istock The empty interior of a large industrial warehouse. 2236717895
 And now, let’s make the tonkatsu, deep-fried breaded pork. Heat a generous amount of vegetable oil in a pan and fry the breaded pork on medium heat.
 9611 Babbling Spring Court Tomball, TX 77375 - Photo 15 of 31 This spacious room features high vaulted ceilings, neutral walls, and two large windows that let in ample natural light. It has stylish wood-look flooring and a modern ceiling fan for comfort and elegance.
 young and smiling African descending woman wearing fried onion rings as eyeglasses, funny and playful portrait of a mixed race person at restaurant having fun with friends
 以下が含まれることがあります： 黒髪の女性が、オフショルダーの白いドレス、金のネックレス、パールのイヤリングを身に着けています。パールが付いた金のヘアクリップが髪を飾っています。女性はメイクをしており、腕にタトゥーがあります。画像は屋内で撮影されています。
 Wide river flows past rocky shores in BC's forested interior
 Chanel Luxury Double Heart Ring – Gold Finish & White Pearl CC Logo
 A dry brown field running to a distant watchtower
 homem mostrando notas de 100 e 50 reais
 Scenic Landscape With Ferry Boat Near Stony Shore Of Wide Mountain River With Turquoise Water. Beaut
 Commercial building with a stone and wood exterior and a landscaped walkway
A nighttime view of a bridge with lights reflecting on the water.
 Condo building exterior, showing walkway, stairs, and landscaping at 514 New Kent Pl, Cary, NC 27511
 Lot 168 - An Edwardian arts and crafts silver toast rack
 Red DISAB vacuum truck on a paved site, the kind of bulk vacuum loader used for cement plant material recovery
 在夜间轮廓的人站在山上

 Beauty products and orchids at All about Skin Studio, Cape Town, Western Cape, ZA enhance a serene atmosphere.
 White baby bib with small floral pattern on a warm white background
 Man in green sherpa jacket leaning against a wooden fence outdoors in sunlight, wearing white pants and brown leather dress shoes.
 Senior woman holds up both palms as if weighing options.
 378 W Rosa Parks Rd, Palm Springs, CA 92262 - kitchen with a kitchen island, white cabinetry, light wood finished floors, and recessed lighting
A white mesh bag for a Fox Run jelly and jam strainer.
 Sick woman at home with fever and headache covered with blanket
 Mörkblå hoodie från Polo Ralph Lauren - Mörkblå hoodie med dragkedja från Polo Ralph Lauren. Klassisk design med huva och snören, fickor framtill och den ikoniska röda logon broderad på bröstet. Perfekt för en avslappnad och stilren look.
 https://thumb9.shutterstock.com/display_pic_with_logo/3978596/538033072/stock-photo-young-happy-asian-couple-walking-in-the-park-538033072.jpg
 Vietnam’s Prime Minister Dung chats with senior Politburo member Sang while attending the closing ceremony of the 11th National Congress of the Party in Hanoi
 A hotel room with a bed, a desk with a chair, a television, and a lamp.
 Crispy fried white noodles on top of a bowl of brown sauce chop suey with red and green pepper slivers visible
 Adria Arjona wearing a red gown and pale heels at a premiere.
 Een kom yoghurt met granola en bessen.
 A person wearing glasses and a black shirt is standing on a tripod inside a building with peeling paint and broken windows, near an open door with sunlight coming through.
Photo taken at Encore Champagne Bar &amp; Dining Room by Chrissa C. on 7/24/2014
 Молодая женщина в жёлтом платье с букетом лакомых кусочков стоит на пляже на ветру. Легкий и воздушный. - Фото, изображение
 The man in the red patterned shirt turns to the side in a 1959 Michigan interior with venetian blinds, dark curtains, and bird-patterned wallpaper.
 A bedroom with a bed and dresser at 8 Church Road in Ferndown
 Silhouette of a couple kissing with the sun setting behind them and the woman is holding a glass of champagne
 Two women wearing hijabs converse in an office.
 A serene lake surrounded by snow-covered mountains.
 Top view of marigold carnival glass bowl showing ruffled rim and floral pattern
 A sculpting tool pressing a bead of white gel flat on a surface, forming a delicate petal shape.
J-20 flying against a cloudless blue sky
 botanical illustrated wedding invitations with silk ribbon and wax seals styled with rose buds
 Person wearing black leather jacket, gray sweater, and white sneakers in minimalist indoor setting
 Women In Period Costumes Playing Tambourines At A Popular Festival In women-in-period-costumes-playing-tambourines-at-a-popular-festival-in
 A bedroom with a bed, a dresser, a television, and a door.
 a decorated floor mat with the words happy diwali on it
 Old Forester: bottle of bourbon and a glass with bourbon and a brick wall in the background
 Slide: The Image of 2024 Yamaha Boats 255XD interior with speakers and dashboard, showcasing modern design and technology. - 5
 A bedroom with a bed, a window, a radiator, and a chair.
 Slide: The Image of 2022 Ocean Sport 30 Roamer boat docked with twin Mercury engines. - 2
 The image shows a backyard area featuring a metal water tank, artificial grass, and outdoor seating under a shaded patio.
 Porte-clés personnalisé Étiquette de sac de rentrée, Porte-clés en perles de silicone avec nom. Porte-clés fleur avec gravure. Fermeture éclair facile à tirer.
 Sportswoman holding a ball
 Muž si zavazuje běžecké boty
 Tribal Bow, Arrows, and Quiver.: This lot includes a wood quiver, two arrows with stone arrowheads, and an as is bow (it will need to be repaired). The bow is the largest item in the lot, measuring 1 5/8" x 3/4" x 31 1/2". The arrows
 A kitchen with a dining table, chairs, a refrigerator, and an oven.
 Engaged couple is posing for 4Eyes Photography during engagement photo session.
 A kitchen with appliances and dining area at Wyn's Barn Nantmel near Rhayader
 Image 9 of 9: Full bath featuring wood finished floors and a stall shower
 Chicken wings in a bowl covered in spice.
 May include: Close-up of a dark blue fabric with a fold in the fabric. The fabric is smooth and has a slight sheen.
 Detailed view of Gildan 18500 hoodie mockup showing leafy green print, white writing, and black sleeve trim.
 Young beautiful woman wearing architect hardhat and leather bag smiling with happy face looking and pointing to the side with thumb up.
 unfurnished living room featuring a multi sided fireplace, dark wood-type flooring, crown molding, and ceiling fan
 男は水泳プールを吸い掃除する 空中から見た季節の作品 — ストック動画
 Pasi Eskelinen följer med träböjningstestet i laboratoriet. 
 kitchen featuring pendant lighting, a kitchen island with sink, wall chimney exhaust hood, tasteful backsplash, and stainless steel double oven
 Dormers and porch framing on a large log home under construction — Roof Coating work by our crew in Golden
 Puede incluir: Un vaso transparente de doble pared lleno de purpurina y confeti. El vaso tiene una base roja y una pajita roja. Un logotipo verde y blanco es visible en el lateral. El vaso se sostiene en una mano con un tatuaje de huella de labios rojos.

_Exercise goal_. Down to the final line, write out all of the material exactly.

_Solved problem_.
istock The empty interior of a large industrial warehouse. 2236717895
 And now, let’s make the tonkatsu, deep-fried breaded pork. Heat a generous amount of vegetable oil in a pan and fry the breaded pork on medium heat.
 9611 Babbling Spring Court Tomball, TX 77375 - Photo 15 of 31 This spacious room features high vaulted ceilings, neutral walls, and two large windows that let in ample natural light. It has stylish wood-look flooring and a modern ceiling fan for comfort and elegance.
 young and smiling African descending woman wearing fried onion rings as eyeglasses, funny and playful portrait of a mixed race person at restaurant having fun with friends
 以下が含まれることがあります： 黒髪の女性が、オフショルダーの白いドレス、金のネックレス、パールのイヤリングを身に着けています。パールが付いた金のヘアクリップが髪を飾っています。女性はメイクをしており、腕にタトゥーがあります。画像は屋内で撮影されています。
 Wide river flows past rocky shores in BC's forested interior
 Chanel Luxury Double Heart Ring – Gold Finish & White Pearl CC Logo
 A dry brown field running to a distant watchtower
 homem mostrando notas de 100 e 50 reais
 Scenic Landscape With Ferry Boat Near Stony Shore Of Wide Mountain River With Turquoise Water. Beaut
 Commercial building with a stone and wood exterior and a landscaped walkway
A nighttime view of a bridge with lights reflecting on the water.
 Condo building exterior, showing walkway, stairs, and landscaping at 514 New Kent Pl, Cary, NC 27511
 Lot 168 - An Edwardian arts and crafts silver toast rack
 Red DISAB vacuum truck on a paved site, the kind of bulk vacuum loader used for cement plant material recovery
 在夜间轮廓的人站在山上

 Beauty products and orchids at All about Skin Studio, Cape Town, Western Cape, ZA enhance a serene atmosphere.
 White baby bib with small floral pattern on a warm white background
 Man in green sherpa jacket leaning against a wooden fence outdoors in sunlight, wearing white pants and brown leather dress shoes.
 Senior woman holds up both palms as if weighing options.
 378 W Rosa Parks Rd, Palm Springs, CA 92262 - kitchen with a kitchen island, white cabinetry, light wood finished floors, and recessed lighting
A white mesh bag for a Fox Run jelly and jam strainer.
 Sick woman at home with fever and headache covered with blanket
 Mörkblå hoodie från Polo Ralph Lauren - Mörkblå hoodie med dragkedja från Polo Ralph Lauren. Klassisk design med huva och snören, fickor framtill och den ikoniska röda logon broderad på bröstet. Perfekt för en avslappnad och stilren look.
 https://thumb9.shutterstock.com/display_pic_with_logo/3978596/538033072/stock-photo-young-happy-asian-couple-walking-in-the-park-538033072.jpg
 Vietnam’s Prime Minister Dung chats with senior Politburo member Sang while attending the closing ceremony of the 11th National Congress of the Party in Hanoi
 A hotel room with a bed, a desk with a chair, a television, and a lamp.
 Crispy fried white noodles on top of a bowl of brown sauce chop suey with red and green pepper slivers visible
 Adria Arjona wearing a red gown and pale heels at a premiere.
 Een kom yoghurt met granola en bessen.
 A person wearing glasses and a black shirt is standing on a tripod inside a building with peeling paint and broken windows, near an open door with sunlight coming through.
Photo taken at Encore Champagne Bar &amp; Dining Room by Chrissa C. on 7/24/2014
 Молодая женщина в жёлтом платье с букетом лакомых кусочков стоит на пляже на ветру. Легкий и воздушный. - Фото, изображение
 The man in the red patterned shirt turns to the side in a 1959 Michigan interior with venetian blinds, dark curtains, and bird-patterned wallpaper.
 A bedroom with a bed and dresser at 8 Church Road in Ferndown
 Silhouette of a couple kissing with the sun setting behind them and the woman is holding a glass of champagne
 Two women wearing hijabs converse in an office.
 A serene lake surrounded by snow-covered mountains.
 Top view of marigold carnival glass bowl showing ruffled rim and floral pattern
 A sculpting tool pressing a bead of white gel flat on a surface, forming a delicate petal shape.
J-20 flying against a cloudless blue sky
 botanical illustrated wedding invitations with silk ribbon and wax seals styled with rose buds
 Person wearing black leather jacket, gray sweater, and white sneakers in minimalist indoor setting
 Women In Period Costumes Playing Tambourines At A Popular Festival In women-in-period-costumes-playing-tambourines-at-a-popular-festival-in
 A bedroom with a bed, a dresser, a television, and a door.
 a decorated floor mat with the words happy diwali on it
 Old Forester: bottle of bourbon and a glass with bourbon and a brick wall in the background
 Slide: The Image of 2024 Yamaha Boats 255XD interior with speakers and dashboard, showcasing modern design and technology. - 5
 A bedroom with a bed, a window, a radiator, and a chair.
 Slide: The Image of 2022 Ocean Sport 30 Roamer boat docked with twin Mercury engines. - 2
 The image shows a backyard area featuring a metal water tank, artificial grass, and outdoor seating under a shaded patio.
 Porte-clés personnalisé Étiquette de sac de rentrée, Porte-clés en perles de silicone avec nom. Porte-clés fleur avec gravure. Fermeture éclair facile à tirer.
 Sportswoman holding a ball
 Muž si zavazuje běžecké boty
 Tribal Bow, Arrows, and Quiver.: This lot includes a wood quiver, two arrows with stone arrowheads, and an as is bow (it will need to be repaired). The bow is the largest item in the lot, measuring 1 5/8" x 3/4" x 31 1/2". The arrows
 A kitchen with a dining table, chairs, a refrigerator, and an oven.
 Engaged couple is posing for 4Eyes Photography during engagement photo session.
 A kitchen with appliances and dining area at Wyn's Barn Nantmel near Rhayader
 Image 9 of 9: Full bath featuring wood finished floors and a stall shower
 Chicken wings in a bowl covered in spice.
 May include: Close-up of a dark blue fabric with a fold in the fabric. The fabric is smooth and has a slight sheen.
 Detailed view of Gildan 18500 hoodie mockup showing leafy green print, white writing, and black sleeve trim.
 Young beautiful woman wearing architect hardhat and leather bag smiling with happy face looking and pointing to the side with thumb up.
 unfurnished living room featuring a multi sided fireplace, dark wood-type flooring, crown molding, and ceiling fan
 男は水泳プールを吸い掃除する 空中から見た季節の作品 — ストック動画
 Pasi Eskelinen följer med träböjningstestet i laboratoriet. 
 kitchen featuring pendant lighting, a kitchen island with sink, wall chimney exhaust hood, tasteful backsplash, and stainless steel double oven
 Dormers and porch framing on a large log home under construction — Roof Coating work by our crew in Golden
 Puede incluir: Un vaso transparente de doble pared lleno de purpurina y confeti. El vaso tiene una base roja y una pajita roja. Un logotipo verde y blanco es visible en el lateral. El vaso se sostiene en una mano con un tatuaje de huella de labios rojos.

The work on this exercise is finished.